[Caption-style text data]
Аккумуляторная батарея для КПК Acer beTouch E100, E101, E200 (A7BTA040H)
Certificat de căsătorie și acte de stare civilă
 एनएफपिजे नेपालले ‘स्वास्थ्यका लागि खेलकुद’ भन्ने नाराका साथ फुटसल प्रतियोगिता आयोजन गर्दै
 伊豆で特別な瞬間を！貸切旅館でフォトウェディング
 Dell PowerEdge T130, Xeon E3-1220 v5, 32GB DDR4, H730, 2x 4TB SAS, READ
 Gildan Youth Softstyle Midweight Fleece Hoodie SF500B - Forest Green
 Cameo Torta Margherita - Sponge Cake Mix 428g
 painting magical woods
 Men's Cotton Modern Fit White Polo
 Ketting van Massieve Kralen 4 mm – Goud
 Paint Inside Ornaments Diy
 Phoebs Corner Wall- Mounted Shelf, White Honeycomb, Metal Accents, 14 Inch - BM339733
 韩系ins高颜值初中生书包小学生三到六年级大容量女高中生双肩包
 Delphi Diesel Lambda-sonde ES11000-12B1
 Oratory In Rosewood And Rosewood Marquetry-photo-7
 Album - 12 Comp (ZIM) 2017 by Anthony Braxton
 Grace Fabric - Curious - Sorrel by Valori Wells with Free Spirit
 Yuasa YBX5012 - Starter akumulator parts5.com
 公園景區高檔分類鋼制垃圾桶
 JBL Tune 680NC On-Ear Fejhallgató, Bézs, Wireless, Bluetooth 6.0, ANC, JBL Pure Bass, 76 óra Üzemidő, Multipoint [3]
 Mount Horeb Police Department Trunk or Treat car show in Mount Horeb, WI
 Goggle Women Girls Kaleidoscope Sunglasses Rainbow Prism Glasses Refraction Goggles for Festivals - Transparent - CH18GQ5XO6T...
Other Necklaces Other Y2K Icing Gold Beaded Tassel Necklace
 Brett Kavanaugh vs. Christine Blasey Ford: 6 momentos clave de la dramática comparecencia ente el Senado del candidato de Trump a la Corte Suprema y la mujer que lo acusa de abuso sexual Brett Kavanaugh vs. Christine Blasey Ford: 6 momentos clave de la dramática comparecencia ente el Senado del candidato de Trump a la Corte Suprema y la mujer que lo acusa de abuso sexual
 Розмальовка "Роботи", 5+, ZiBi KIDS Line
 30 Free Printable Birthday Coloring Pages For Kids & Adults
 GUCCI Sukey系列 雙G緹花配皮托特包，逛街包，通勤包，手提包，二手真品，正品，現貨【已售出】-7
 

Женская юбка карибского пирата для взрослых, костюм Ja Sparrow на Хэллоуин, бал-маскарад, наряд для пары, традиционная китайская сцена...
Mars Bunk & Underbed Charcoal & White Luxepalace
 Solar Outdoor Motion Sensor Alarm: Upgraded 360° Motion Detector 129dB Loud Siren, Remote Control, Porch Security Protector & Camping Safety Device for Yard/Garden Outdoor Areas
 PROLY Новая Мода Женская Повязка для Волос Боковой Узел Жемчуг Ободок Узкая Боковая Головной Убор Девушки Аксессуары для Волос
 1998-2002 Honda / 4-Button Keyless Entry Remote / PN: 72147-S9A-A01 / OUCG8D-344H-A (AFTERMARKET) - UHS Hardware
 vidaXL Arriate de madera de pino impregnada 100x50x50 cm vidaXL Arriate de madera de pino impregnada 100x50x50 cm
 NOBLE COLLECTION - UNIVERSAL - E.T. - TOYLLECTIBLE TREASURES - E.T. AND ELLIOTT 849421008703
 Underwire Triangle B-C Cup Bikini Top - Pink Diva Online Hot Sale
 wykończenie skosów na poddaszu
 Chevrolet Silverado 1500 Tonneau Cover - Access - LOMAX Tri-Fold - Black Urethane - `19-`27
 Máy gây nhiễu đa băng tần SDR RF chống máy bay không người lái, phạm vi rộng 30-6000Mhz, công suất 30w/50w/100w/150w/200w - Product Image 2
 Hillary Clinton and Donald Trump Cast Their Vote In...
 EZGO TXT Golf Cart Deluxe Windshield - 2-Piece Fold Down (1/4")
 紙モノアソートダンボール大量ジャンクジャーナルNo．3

* **What to work on**
Write the data out in full, matching every line exactly.

* **Reply**
Аккумуляторная батарея для КПК Acer beTouch E100, E101, E200 (A7BTA040H)
Certificat de căsătorie și acte de stare civilă
 एनएफपिजे नेपालले ‘स्वास्थ्यका लागि खेलकुद’ भन्ने नाराका साथ फुटसल प्रतियोगिता आयोजन गर्दै
 伊豆で特別な瞬間を！貸切旅館でフォトウェディング
 Dell PowerEdge T130, Xeon E3-1220 v5, 32GB DDR4, H730, 2x 4TB SAS, READ
 Gildan Youth Softstyle Midweight Fleece Hoodie SF500B - Forest Green
 Cameo Torta Margherita - Sponge Cake Mix 428g
 painting magical woods
 Men's Cotton Modern Fit White Polo
 Ketting van Massieve Kralen 4 mm – Goud
 Paint Inside Ornaments Diy
 Phoebs Corner Wall- Mounted Shelf, White Honeycomb, Metal Accents, 14 Inch - BM339733
 韩系ins高颜值初中生书包小学生三到六年级大容量女高中生双肩包
 Delphi Diesel Lambda-sonde ES11000-12B1
 Oratory In Rosewood And Rosewood Marquetry-photo-7
 Album - 12 Comp (ZIM) 2017 by Anthony Braxton
 Grace Fabric - Curious - Sorrel by Valori Wells with Free Spirit
 Yuasa YBX5012 - Starter akumulator parts5.com
 公園景區高檔分類鋼制垃圾桶
 JBL Tune 680NC On-Ear Fejhallgató, Bézs, Wireless, Bluetooth 6.0, ANC, JBL Pure Bass, 76 óra Üzemidő, Multipoint [3]
 Mount Horeb Police Department Trunk or Treat car show in Mount Horeb, WI
 Goggle Women Girls Kaleidoscope Sunglasses Rainbow Prism Glasses Refraction Goggles for Festivals - Transparent - CH18GQ5XO6T...
Other Necklaces Other Y2K Icing Gold Beaded Tassel Necklace
 Brett Kavanaugh vs. Christine Blasey Ford: 6 momentos clave de la dramática comparecencia ente el Senado del candidato de Trump a la Corte Suprema y la mujer que lo acusa de abuso sexual Brett Kavanaugh vs. Christine Blasey Ford: 6 momentos clave de la dramática comparecencia ente el Senado del candidato de Trump a la Corte Suprema y la mujer que lo acusa de abuso sexual
 Розмальовка "Роботи", 5+, ZiBi KIDS Line
 30 Free Printable Birthday Coloring Pages For Kids & Adults
 GUCCI Sukey系列 雙G緹花配皮托特包，逛街包，通勤包，手提包，二手真品，正品，現貨【已售出】-7
 

Женская юбка карибского пирата для взрослых, костюм Ja Sparrow на Хэллоуин, бал-маскарад, наряд для пары, традиционная китайская сцена...
Mars Bunk & Underbed Charcoal & White Luxepalace
 Solar Outdoor Motion Sensor Alarm: Upgraded 360° Motion Detector 129dB Loud Siren, Remote Control, Porch Security Protector & Camping Safety Device for Yard/Garden Outdoor Areas
 PROLY Новая Мода Женская Повязка для Волос Боковой Узел Жемчуг Ободок Узкая Боковая Головной Убор Девушки Аксессуары для Волос
 1998-2002 Honda / 4-Button Keyless Entry Remote / PN: 72147-S9A-A01 / OUCG8D-344H-A (AFTERMARKET) - UHS Hardware
 vidaXL Arriate de madera de pino impregnada 100x50x50 cm vidaXL Arriate de madera de pino impregnada 100x50x50 cm
 NOBLE COLLECTION - UNIVERSAL - E.T. - TOYLLECTIBLE TREASURES - E.T. AND ELLIOTT 849421008703
 Underwire Triangle B-C Cup Bikini Top - Pink Diva Online Hot Sale
 wykończenie skosów na poddaszu
 Chevrolet Silverado 1500 Tonneau Cover - Access - LOMAX Tri-Fold - Black Urethane - `19-`27
 Máy gây nhiễu đa băng tần SDR RF chống máy bay không người lái, phạm vi rộng 30-6000Mhz, công suất 30w/50w/100w/150w/200w - Product Image 2
 Hillary Clinton and Donald Trump Cast Their Vote In...
 EZGO TXT Golf Cart Deluxe Windshield - 2-Piece Fold Down (1/4")
 紙モノアソートダンボール大量ジャンクジャーナルNo．3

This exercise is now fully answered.